**Input material:**
>>>>
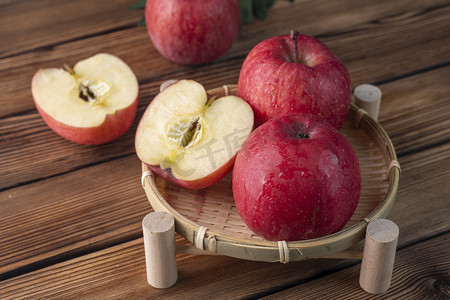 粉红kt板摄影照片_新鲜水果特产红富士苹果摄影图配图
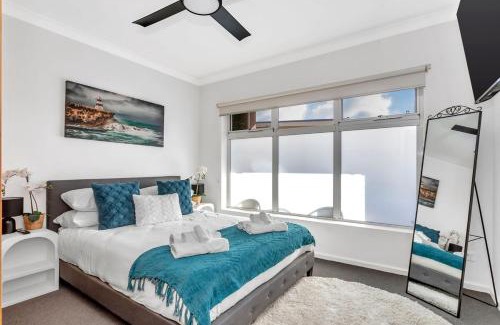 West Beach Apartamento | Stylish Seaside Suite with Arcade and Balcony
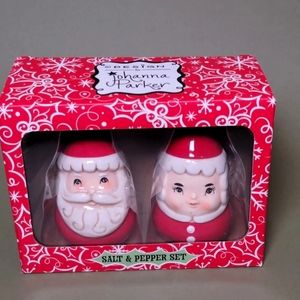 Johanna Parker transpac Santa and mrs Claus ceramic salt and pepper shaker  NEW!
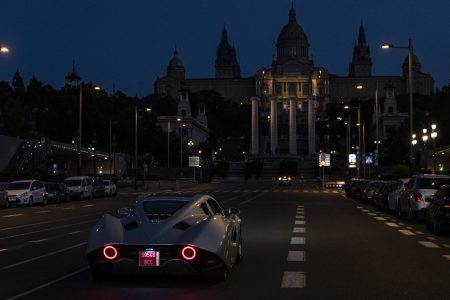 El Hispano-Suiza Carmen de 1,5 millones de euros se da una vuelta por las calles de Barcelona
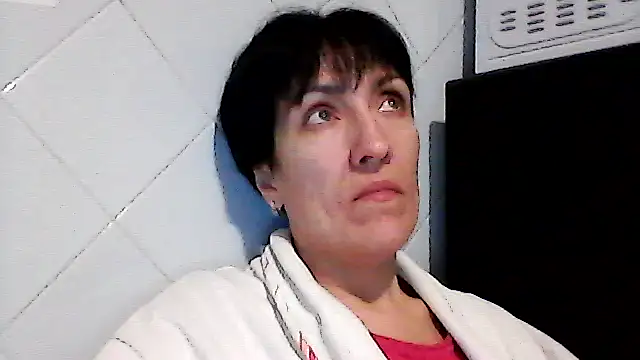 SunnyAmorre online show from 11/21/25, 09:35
<<<<
>>>>
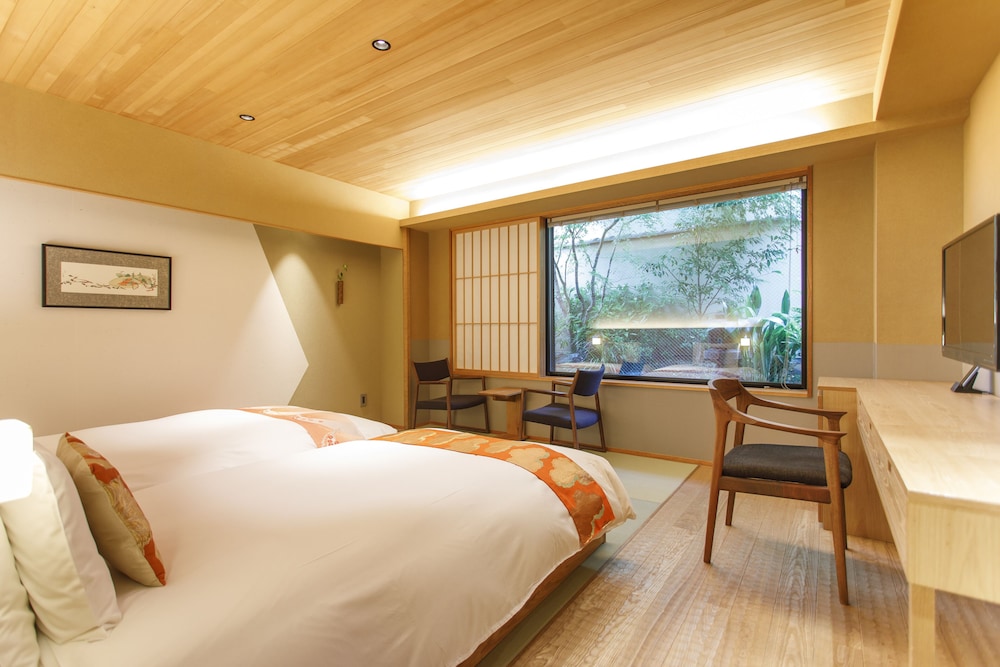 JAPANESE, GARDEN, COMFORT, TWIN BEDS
<<<<
**Exercise directions:**
An exact copy is needed of the entries above, starting at the line that holds "粉红kt板摄影照片_新鲜水果特产红富士苹果摄影图配图" and stopping at the line that holds "SunnyAmorre online show from 11/21/25, 09:35", both kept; pictures stay out.

**Response for this exercise:**
 粉红kt板摄影照片_新鲜水果特产红富士苹果摄影图配图
 West Beach Apartamento | Stylish Seaside Suite with Arcade and Balcony
 Johanna Parker transpac Santa and mrs Claus ceramic salt and pepper shaker  NEW!
 El Hispano-Suiza Carmen de 1,5 millones de euros se da una vuelta por las calles de Barcelona
 SunnyAmorre online show from 11/21/25, 09:35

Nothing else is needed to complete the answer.